During an insightful session with Dutch-Palestinian filmmaker Hany Abu Assad at the MAMI 21st Mumbai Film Festival, filmmaker Nandita Das said it's extremely difficult for a first-time or second-time director in India to find a home for their relevant and urgent voice.
Das, who broke new ground for independent cinema in the country, feels the emerging filmmakers are not being met with the right kind of support they need once the film is completed.
"In India, there is a real dearth of good producers. Many directors have become producers by default. I never thought I would ever do producing work. That was not even my interest. I almost resisted. I didn't even want to learn it. It's very unfortunate," Das said.
"We used to have NFDC. We still have NFDC but they used to do more things.
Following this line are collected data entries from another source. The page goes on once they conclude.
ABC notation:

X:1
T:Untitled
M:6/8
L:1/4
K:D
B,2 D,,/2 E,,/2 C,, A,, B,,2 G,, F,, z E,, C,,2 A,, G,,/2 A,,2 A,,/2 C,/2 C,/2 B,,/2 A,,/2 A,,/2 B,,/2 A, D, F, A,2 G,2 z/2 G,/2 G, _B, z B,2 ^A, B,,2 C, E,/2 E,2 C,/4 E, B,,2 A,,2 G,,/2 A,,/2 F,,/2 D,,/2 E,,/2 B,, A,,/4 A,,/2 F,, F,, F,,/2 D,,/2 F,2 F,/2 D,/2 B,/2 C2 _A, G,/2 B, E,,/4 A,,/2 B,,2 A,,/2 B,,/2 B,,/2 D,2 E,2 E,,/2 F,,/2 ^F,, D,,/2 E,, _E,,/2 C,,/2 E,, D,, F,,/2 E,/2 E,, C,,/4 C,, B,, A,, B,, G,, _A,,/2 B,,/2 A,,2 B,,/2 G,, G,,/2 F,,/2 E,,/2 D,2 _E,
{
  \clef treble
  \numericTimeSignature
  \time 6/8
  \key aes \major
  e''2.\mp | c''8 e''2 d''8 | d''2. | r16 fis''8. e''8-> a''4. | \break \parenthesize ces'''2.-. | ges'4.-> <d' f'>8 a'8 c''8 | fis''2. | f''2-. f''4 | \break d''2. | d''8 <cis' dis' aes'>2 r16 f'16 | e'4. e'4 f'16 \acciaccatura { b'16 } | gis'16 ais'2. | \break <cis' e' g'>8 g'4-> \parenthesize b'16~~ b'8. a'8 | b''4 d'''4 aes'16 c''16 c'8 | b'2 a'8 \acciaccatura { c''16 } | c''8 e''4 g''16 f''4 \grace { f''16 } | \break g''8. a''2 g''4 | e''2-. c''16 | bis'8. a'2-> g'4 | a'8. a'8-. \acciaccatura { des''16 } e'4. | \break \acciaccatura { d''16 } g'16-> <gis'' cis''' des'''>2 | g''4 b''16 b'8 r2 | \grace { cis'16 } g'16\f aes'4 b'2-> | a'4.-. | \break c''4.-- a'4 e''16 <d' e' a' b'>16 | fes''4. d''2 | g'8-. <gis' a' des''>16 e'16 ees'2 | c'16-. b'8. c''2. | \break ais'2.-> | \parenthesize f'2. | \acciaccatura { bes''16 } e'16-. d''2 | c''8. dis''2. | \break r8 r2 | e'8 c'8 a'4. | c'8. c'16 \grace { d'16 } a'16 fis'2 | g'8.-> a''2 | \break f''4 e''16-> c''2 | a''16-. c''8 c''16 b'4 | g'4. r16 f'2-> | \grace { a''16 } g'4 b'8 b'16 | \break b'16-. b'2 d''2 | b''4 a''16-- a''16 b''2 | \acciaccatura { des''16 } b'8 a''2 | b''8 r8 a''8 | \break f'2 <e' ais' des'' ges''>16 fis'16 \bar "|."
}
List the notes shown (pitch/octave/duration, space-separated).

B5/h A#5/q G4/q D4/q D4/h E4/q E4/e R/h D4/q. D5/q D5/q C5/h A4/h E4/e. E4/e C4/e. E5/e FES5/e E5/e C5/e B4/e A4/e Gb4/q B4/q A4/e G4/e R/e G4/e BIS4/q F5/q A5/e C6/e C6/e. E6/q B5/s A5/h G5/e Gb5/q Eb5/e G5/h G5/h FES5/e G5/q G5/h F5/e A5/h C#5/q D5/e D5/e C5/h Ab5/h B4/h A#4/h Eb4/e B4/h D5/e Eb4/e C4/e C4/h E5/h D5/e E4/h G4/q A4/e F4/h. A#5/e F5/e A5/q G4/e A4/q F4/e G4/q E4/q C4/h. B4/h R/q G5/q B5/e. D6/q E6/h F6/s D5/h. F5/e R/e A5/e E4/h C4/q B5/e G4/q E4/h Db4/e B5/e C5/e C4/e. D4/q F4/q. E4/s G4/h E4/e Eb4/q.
For young filmmakers, it's become very important to know where to show their films. It's a genuine problem. I think there could be some kind of committee or support system. Having been to so many festivals myself, I'd be really happy to volunteer. I'm sure there are other filmmakers who would be happy to come together to at least guide the new filmmakers about how they could go about it," she added.
Citing her own struggles as an independent filmmaker, Das recalled how distribution challenges made it hard for her last directorial Manto to reach out to wider audiences.
"The way Manto was released was very tragic. For somebody who has worked on it for six-seven years, I had the film in so few theatres, that too, at odd times. But that's the struggle of independent cinema. It is extremely difficult. But it is difficult not just for me, for independent cinema at large. Many young filmmakers tell me, 'I have a script, can you guide me?' or 'I have made a finished film but it doesn't have known actors so I don't know where to take it.' In that sense, maybe I was a little more privileged that at least Manto came to theatres," she said.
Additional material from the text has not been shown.